● **Brief**: In the entries below, the lines from the one with "Gebraucht VW Golf" through the one with "Zwei potentielle Großeinkäuferinnen und ich" are to be copied exactly; both ends count.

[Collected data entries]
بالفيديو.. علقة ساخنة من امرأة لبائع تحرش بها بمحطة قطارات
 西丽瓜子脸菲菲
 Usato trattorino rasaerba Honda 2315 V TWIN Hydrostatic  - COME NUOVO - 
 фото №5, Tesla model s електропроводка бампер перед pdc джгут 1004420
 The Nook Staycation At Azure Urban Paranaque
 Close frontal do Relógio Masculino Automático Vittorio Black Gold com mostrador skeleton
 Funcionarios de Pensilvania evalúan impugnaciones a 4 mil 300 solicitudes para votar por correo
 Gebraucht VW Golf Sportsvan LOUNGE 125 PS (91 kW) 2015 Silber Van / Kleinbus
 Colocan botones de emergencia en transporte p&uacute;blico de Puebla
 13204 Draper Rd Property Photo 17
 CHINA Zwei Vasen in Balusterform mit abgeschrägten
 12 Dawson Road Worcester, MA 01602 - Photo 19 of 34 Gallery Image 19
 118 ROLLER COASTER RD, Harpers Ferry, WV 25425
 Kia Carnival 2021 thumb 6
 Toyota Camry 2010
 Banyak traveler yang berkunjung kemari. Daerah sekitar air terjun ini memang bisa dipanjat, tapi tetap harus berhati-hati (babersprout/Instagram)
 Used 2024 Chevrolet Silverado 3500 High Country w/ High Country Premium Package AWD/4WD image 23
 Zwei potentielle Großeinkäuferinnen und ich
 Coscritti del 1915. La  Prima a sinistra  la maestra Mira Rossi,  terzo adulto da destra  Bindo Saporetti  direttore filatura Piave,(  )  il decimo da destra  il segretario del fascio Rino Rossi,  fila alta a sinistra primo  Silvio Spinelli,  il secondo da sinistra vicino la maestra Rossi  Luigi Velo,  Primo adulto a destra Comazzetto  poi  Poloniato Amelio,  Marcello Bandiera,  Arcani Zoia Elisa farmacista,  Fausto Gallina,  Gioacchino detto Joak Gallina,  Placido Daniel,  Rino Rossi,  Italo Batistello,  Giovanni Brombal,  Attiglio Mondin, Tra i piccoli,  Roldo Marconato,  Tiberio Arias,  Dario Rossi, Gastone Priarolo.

● **Task solution**:
 Gebraucht VW Golf Sportsvan LOUNGE 125 PS (91 kW) 2015 Silber Van / Kleinbus
 Colocan botones de emergencia en transporte p&uacute;blico de Puebla
 13204 Draper Rd Property Photo 17
 CHINA Zwei Vasen in Balusterform mit abgeschrägten
 12 Dawson Road Worcester, MA 01602 - Photo 19 of 34 Gallery Image 19
 118 ROLLER COASTER RD, Harpers Ferry, WV 25425
 Kia Carnival 2021 thumb 6
 Toyota Camry 2010
 Banyak traveler yang berkunjung kemari. Daerah sekitar air terjun ini memang bisa dipanjat, tapi tetap harus berhati-hati (babersprout/Instagram)
 Used 2024 Chevrolet Silverado 3500 High Country w/ High Country Premium Package AWD/4WD image 23
 Zwei potentielle Großeinkäuferinnen und ich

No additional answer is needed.